Implementing advanced virtual commissioning strategies significantly reduces the risks involved in complex automation upgrades. Simulating the production line allows the system’s operating logic to be verified in a risk-free environment, preventing most potential onsite implementation issues and laying the groundwork for the creation of digital twins.

Digital twins insights
- Virtual commissioning models lay the groundwork for the development of a real-time digital twin of the production line.
- Virtual commissioning paired with a phased upgrade approach is a powerful strategy that reduces the risks of completing complex upgrades.
- A recent project completed by Patti Engineering for a renowned automotive manufacturer utilized virtual commissioning.

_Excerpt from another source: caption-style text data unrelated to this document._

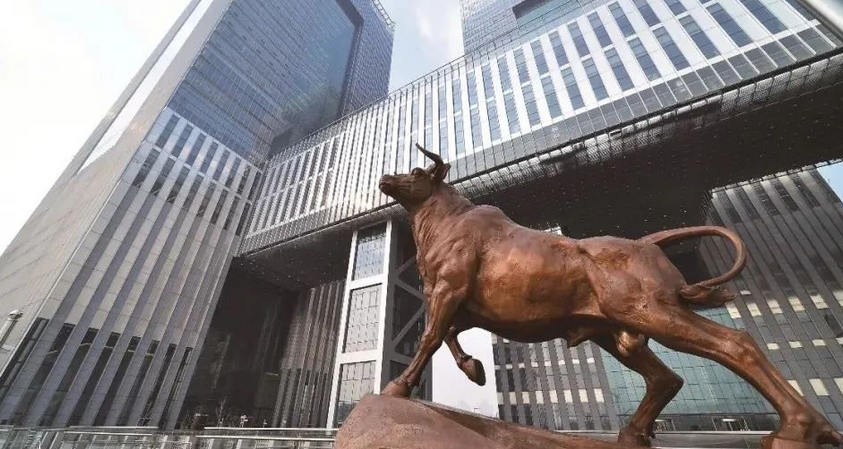 【財通AH】去年境內(nèi)ETF淨(jìng)流入創(chuàng)新高  上交所ETF成交額位居亞洲第一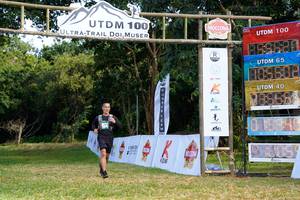 BIB: 100, 
                            <button type="button" onclick="openModal(13266593)" class="btn btn-primary btn-sm float-right btn-popup" data-toggle="modal" data-target=".modal-high-quality">
                        <i class="fas fa-shopping-cart"></i> Add to Cart
                    </button>
                                            <button type="button" onclick="isThisMe(13266593, true)" class="btn btn-success btn-sm float-right btn-popup btn-isme hidden" data-toggle="tooltip" data-placement="bottom" title="นี่คือรูปของคุณใช่ไหม คลิกที่นี่เพื่อเอาเข้าอัลบั้ม">
                        <i class="fas fa-plus"></i> Add to album
                    </button>
                    <button type="button" onclick="isThisMe(13266593, false)" class="btn btn-warning btn-sm float-right btn-popup btn-isnotme hidden">
                        <i class="fas fa-ban"></i> Remove from album
                    </button>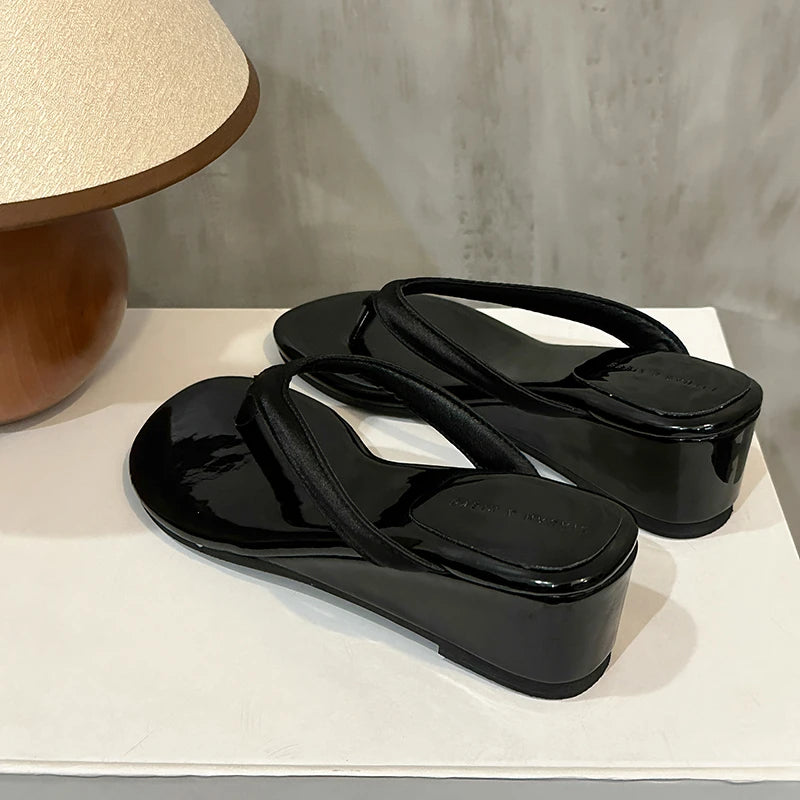 Women Slides With Non Slip Grip Clip Toe Comfort Elevated Street Style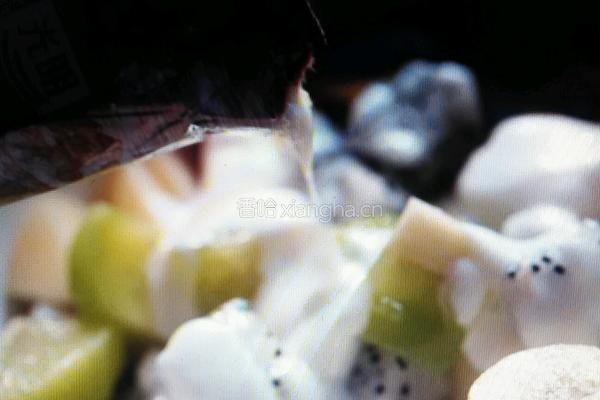 水果沙拉的做法图解4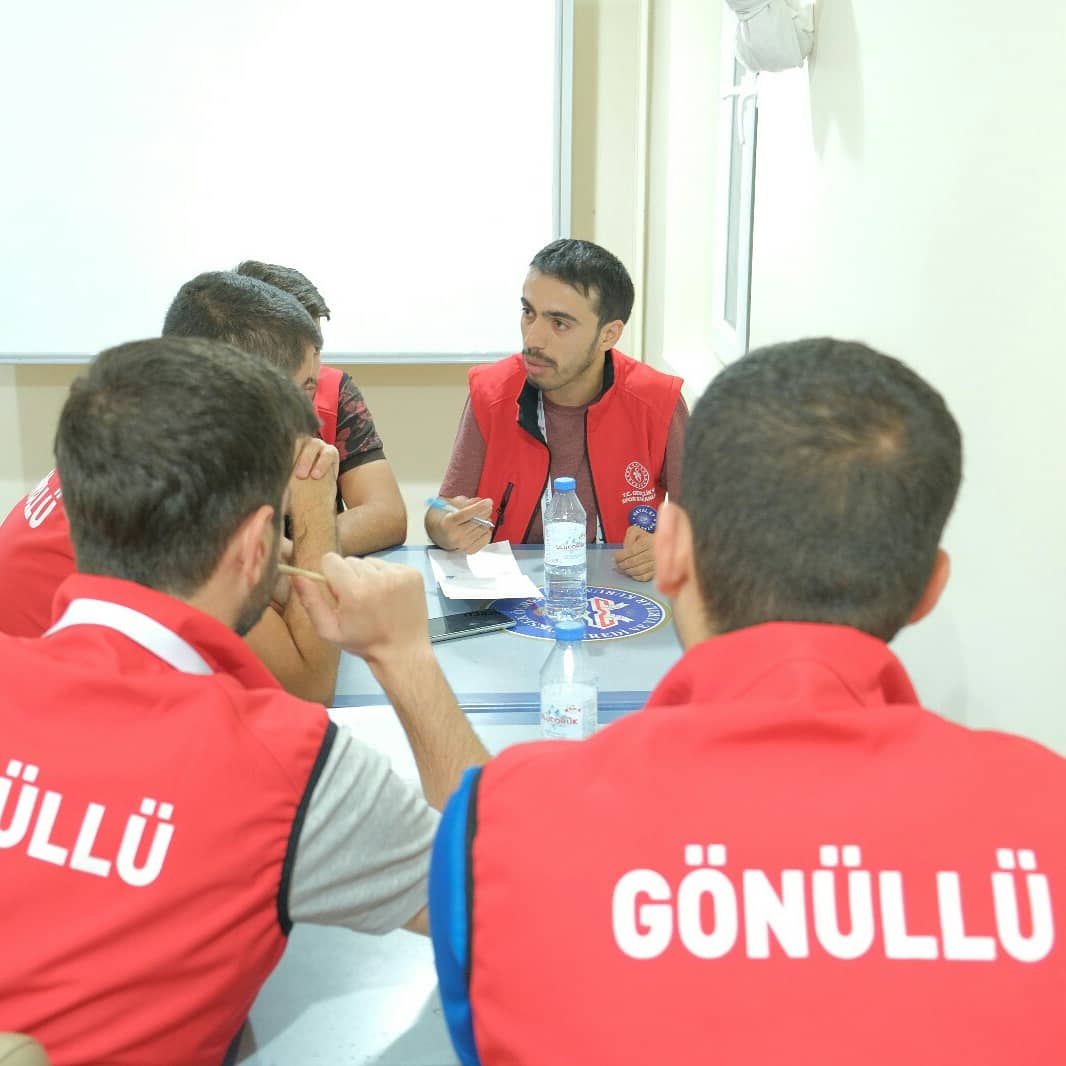 103. Dönem Hakkari | 3. Gün Güncesi 
Gönüllülerimiz Ahmedi Hâni Yatılı Kuran Kursunu ziyaret edip öğrenciler ile keyifli vakitler geçirdikten sonra Tümsek Köyünde yöre halkı ile birlikte imece kavramını yaşamış olup çocuklar ile eğlenceli vakit geçirdiler.
#Hakkari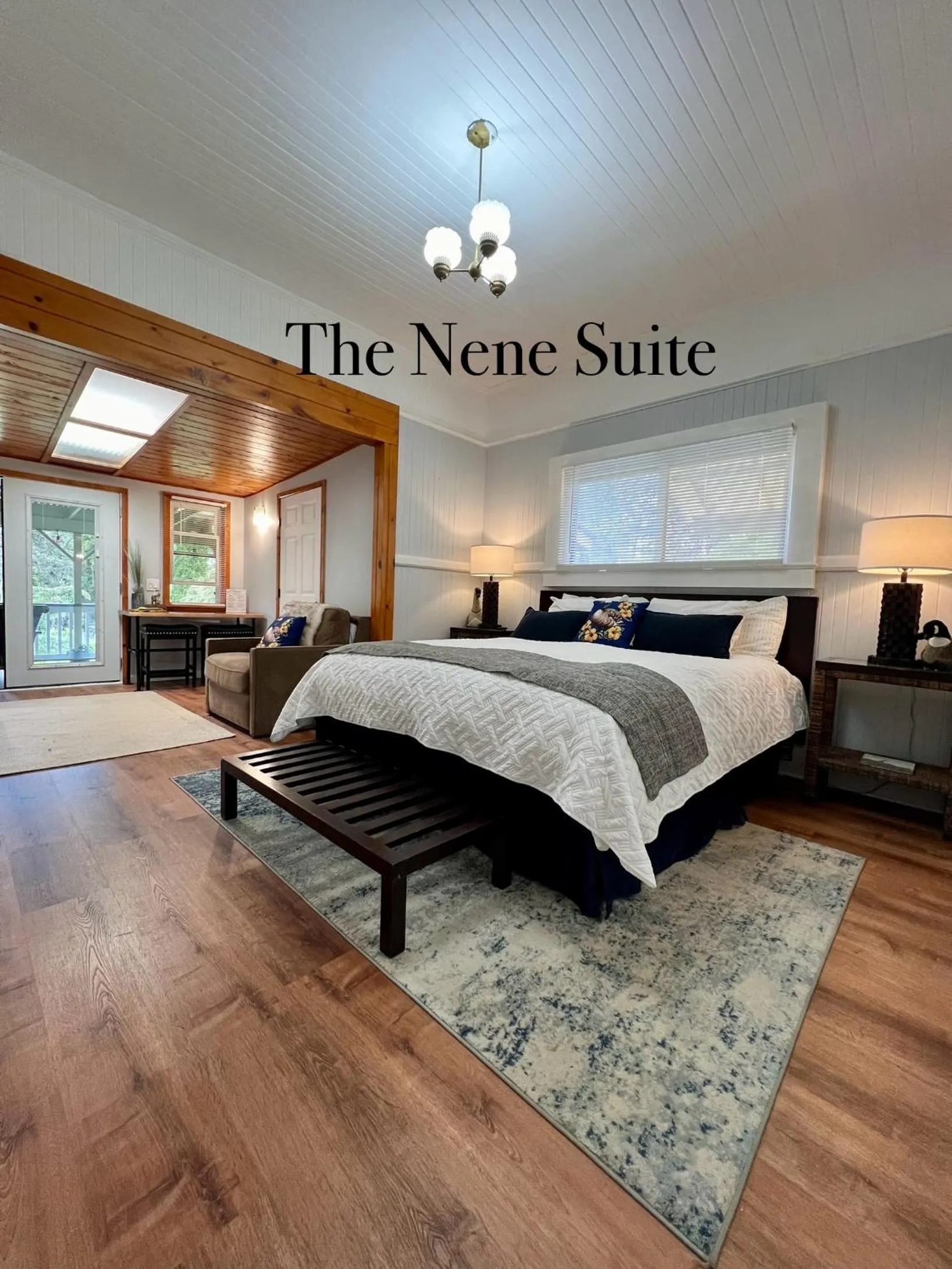 Bed in Aloha Junction Bed and Breakfast -Minutes away from Hawaii Volcanoes National Park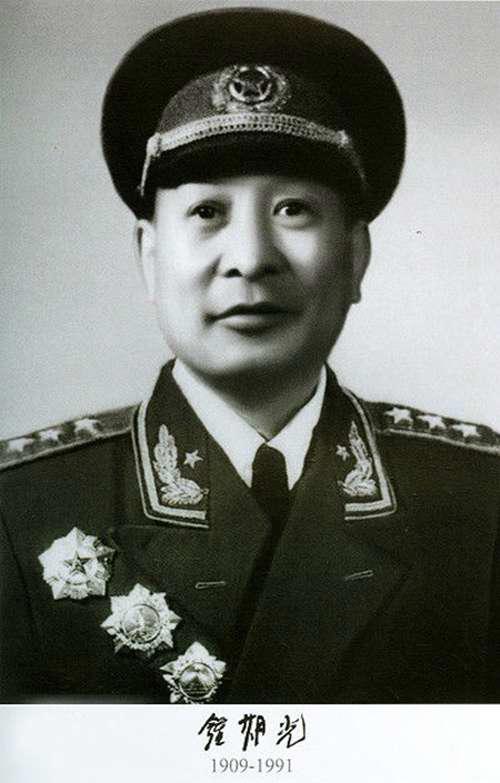 柯蓝的爷爷是谁 为什么不姓钟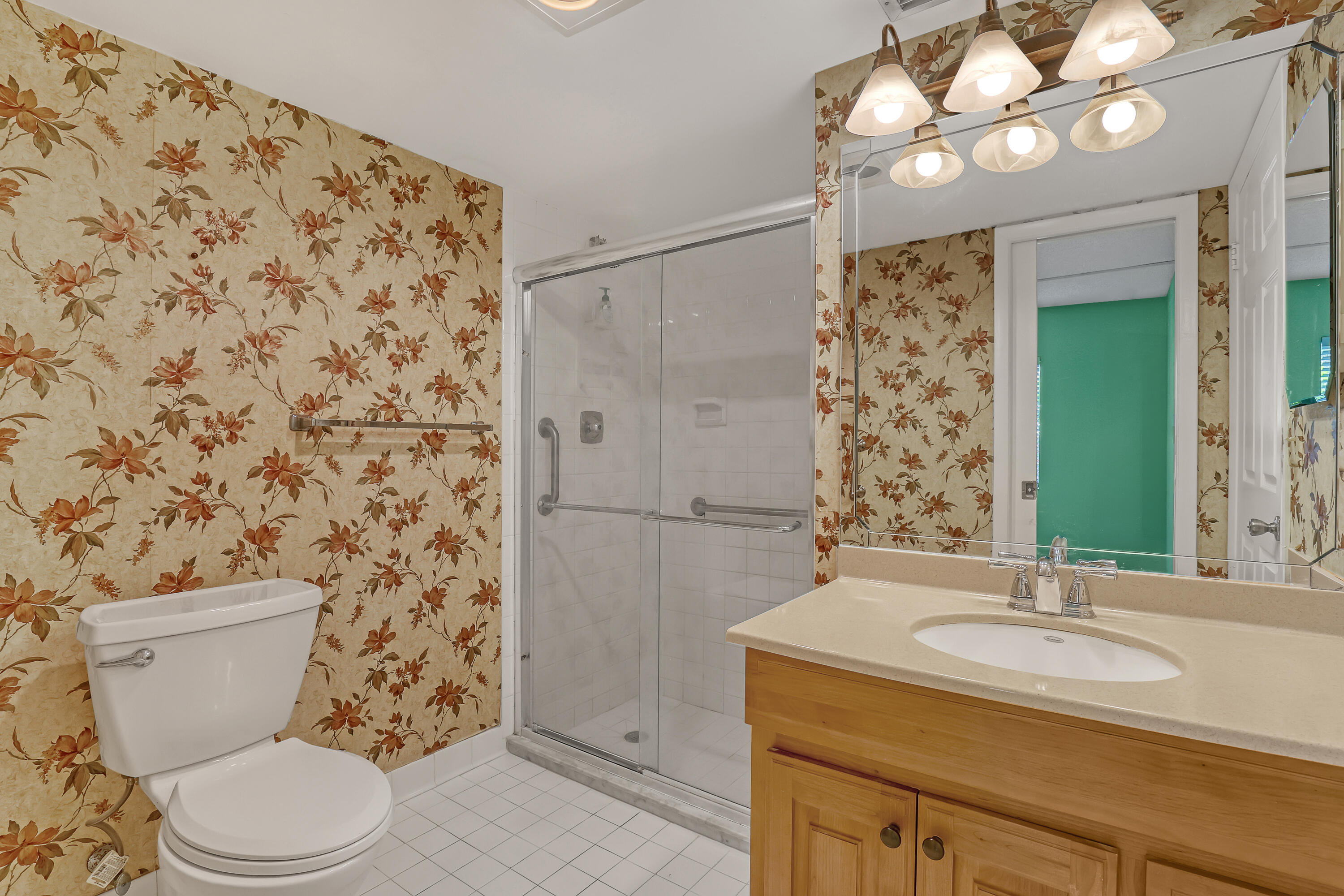 PALM GREENS AT VILLA DEL RAY CONDO - Residential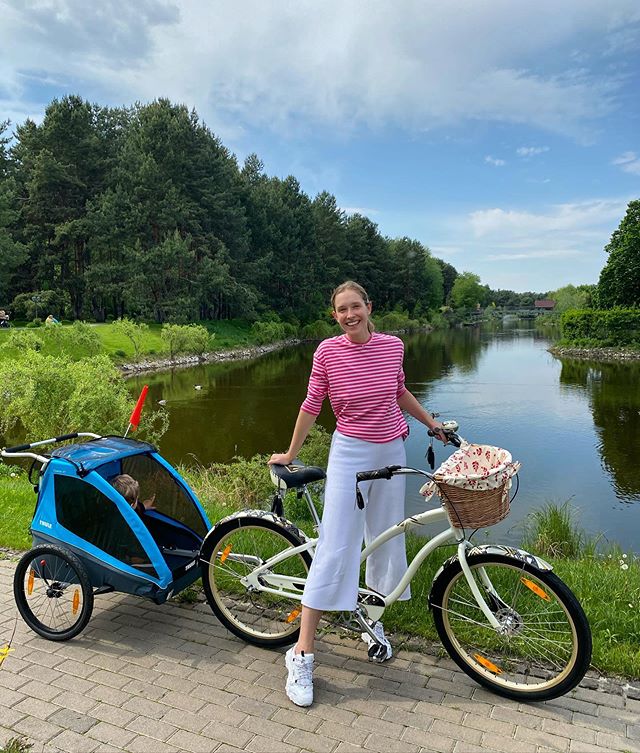 Неугомонная мама: Катя Осадчая впечатлила оригинальной прогулкой с сыном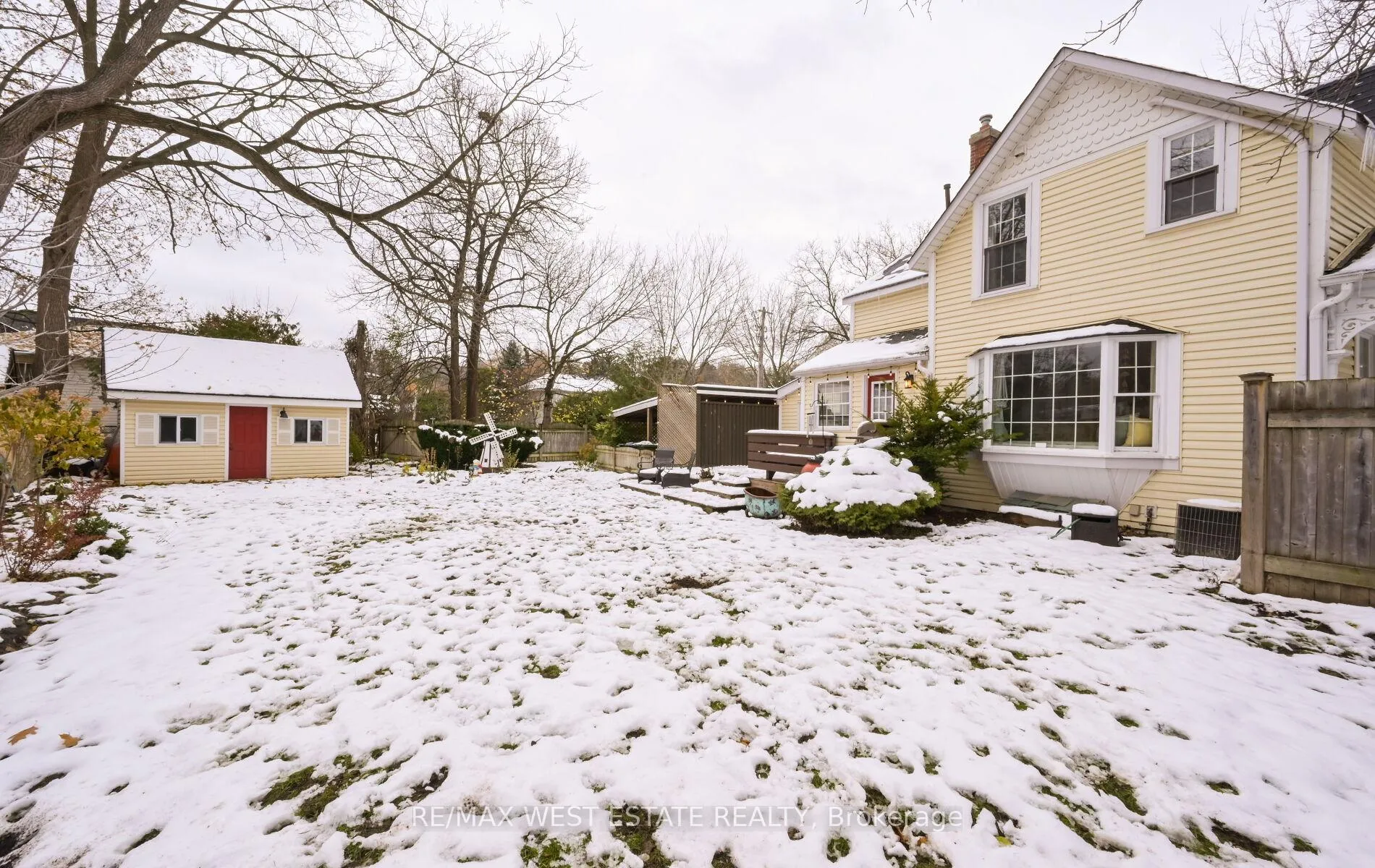 Photo 40 of 122 King Street E, Caledon, Bolton East — HOMEH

Manufacturers often face the dilemma of deciding between maintaining legacy equipment or undertaking the risks associated with system upgrades. These risks are primarily due to uncertainties in transitioning from a legacy programmable logic controller (PLC) to a newer system. A poorly executed upgrade can leave unresolved compatibility issues within the system, leading to lingering operational inefficiencies and complex troubleshooting challenges. This often results in greater expense and more downtime than initially planned for, as further efforts are made to resolve these persistent problems. On the other hand, continuing to maintain legacy equipment inevitably results in increased maintenance costs and frequent, unpredictable downtime with few diagnostic capabilities to identify the underlying causes.
Virtual commissioning, particularly when paired with a phased upgrade approach, is a powerful strategy that dramatically reduces the risks of completing complex upgrades. Tasked with upgrading a major engine assembly line, advanced virtual commissioning strategies were for a recent project Patti Engineering undertook for an automative manufacturer to rewrite and verify the control software and robotics routines in a simulation environment.
As a result, onsite commissioning was completed on schedule, on budget, with minimum prototype parts, and without unforeseen complications – a true high-quality outcome by all measures. Furthermore, the simulation of the production line has the potential to serve as the foundation for building a visualized real-time virtual replica of the system – a digital twin.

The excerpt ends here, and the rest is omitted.